▶ _Task_:
Go to the line containing "StarTech.com Dual-Module Conference" in the material below. From there to the end, retype every line exactly and drop the pictures.

▶ _Input for this task_:

━━━━━━━━

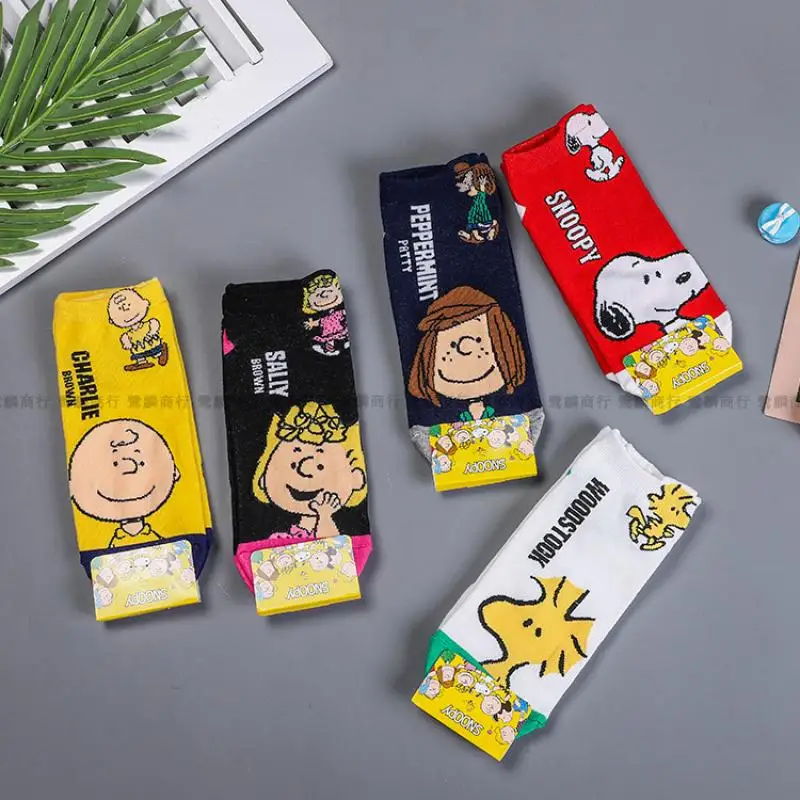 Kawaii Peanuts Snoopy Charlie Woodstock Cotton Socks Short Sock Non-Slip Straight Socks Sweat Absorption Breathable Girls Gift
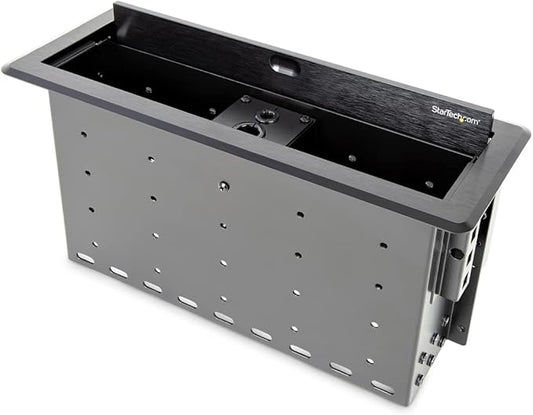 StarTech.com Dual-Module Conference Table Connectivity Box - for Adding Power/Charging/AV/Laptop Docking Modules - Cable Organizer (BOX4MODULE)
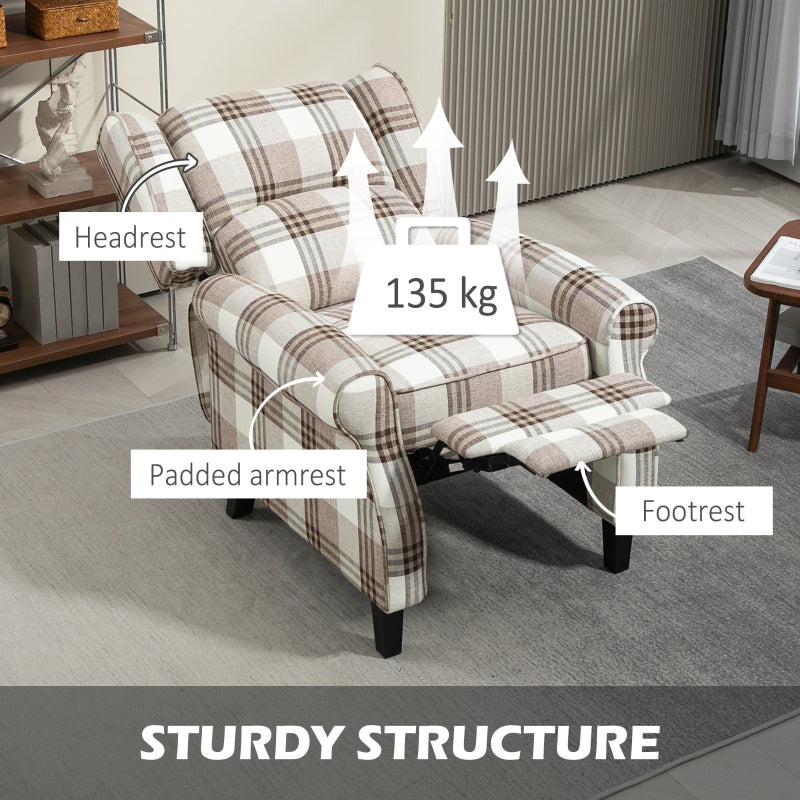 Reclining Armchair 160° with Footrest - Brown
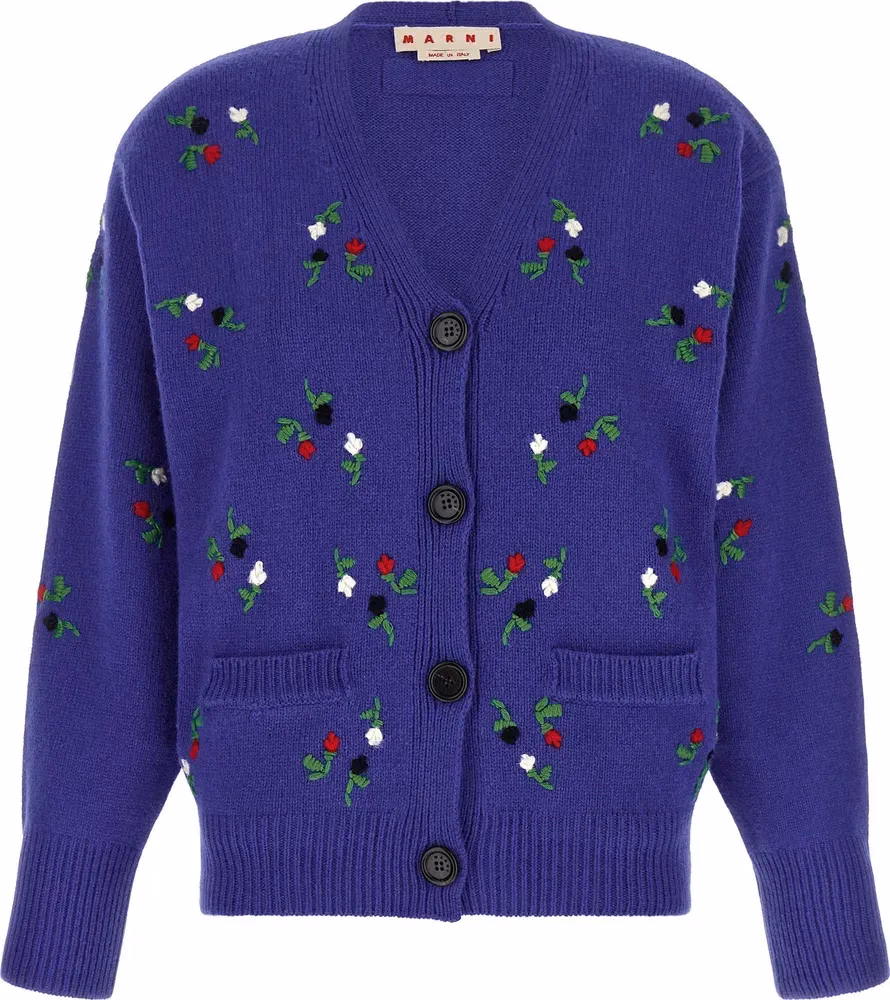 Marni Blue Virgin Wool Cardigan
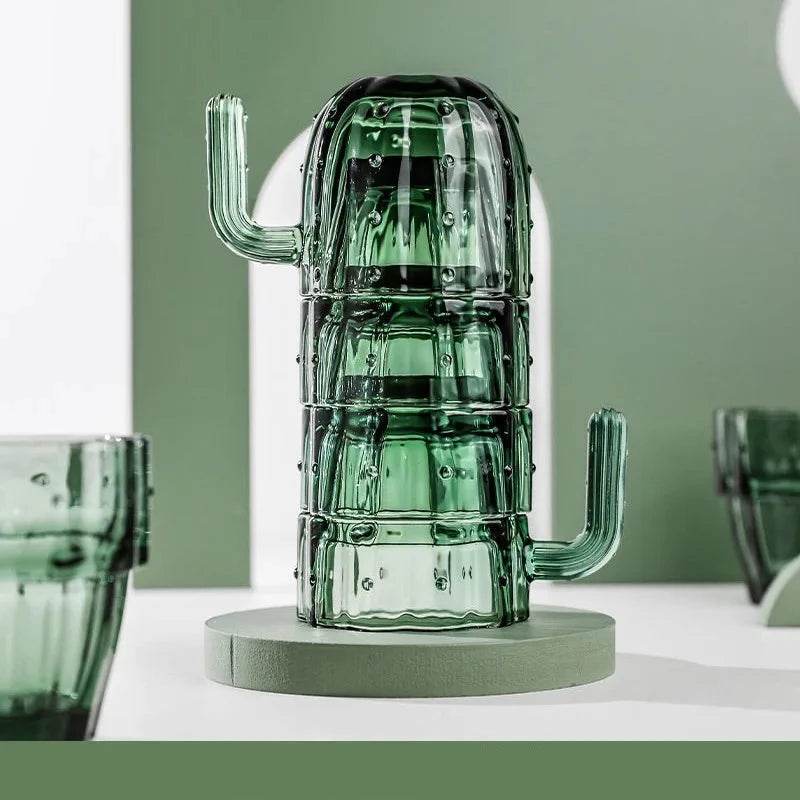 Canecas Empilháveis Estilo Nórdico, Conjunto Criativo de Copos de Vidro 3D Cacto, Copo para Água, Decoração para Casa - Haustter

━━━━━━━━

▶ _Answer box_:
 StarTech.com Dual-Module Conference Table Connectivity Box - for Adding Power/Charging/AV/Laptop Docking Modules - Cable Organizer (BOX4MODULE)
 Reclining Armchair 160° with Footrest - Brown
 Marni Blue Virgin Wool Cardigan
 Canecas Empilháveis Estilo Nórdico, Conjunto Criativo de Copos de Vidro 3D Cacto, Copo para Água, Decoração para Casa - Haustter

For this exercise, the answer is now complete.